The boundaries of the cemetery are not marked, except for an iron gate with short sections of chain link fence at the entrance. A steep bank sloping from the cemetery down 94th Street forms an obvious topographic boundary to the east, but it was not known whether burials were present up to the edge of the slope. In other directions, there are no features that would suggest a distinct boundary, and the property boundaries are rather distant.

Figure 1. Wyandotte County Cemetery project area showing geophysical survey and subsurface testing areas (after Schoen 2006).

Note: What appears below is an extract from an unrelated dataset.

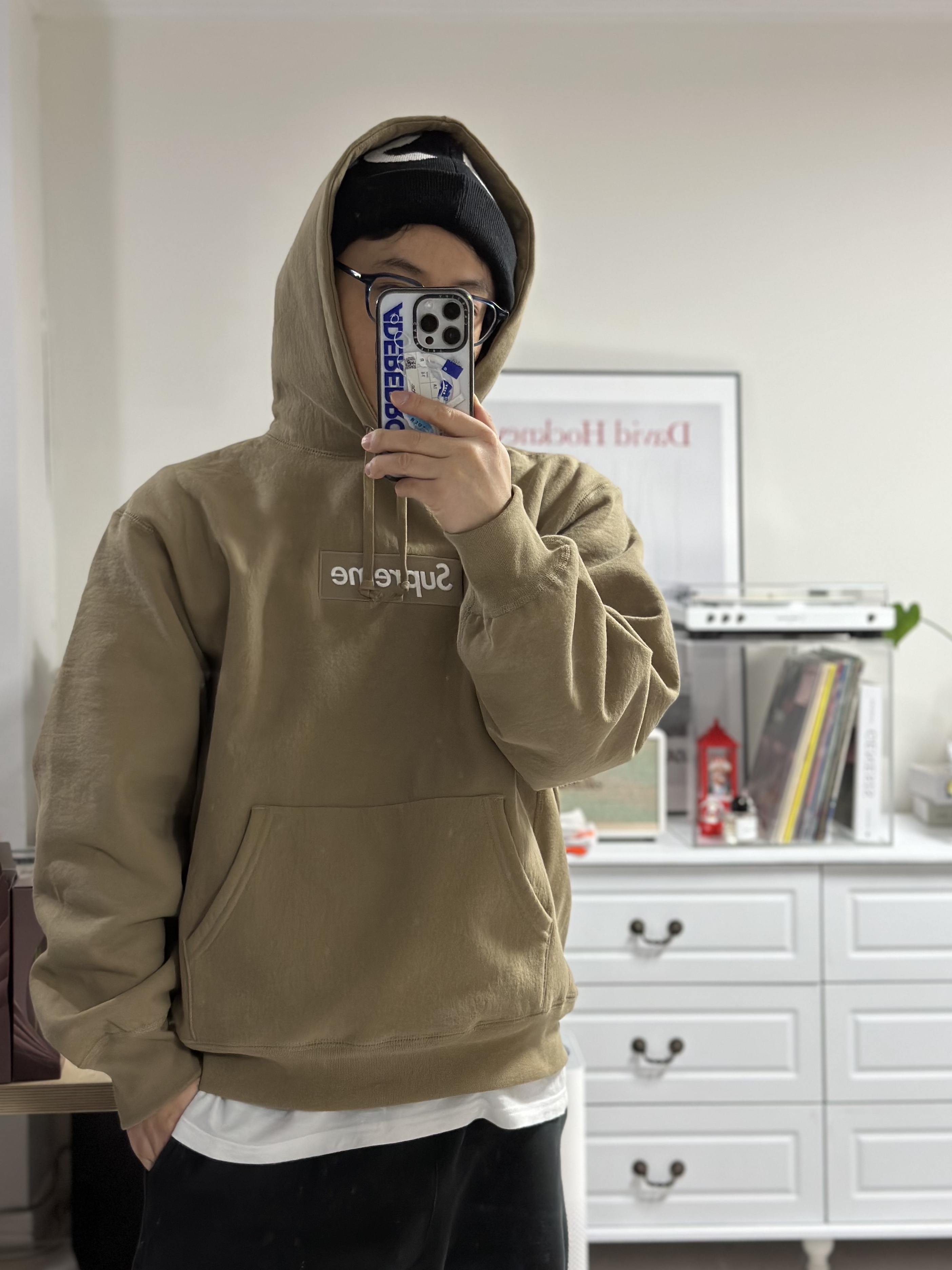 Supreme Box Logo Hooded Sweatshirt Dark Sand - 23FW, Supreme Big Logo Beanie Black 착용 스타일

A relatively flat area of high ground adjacent to 94th Street was thought to be the oldest portion of the cemetery. A number of large trees and a monument consisting of a wooden cross on a stone and concrete monument were present in this area. A road entering the gate of the cemetery forms a loop to the west of this area. The more recent burial plots were thought to be within and perhaps surrounding the loop of the road, in the open grassy area sloping down to the west from this high ground.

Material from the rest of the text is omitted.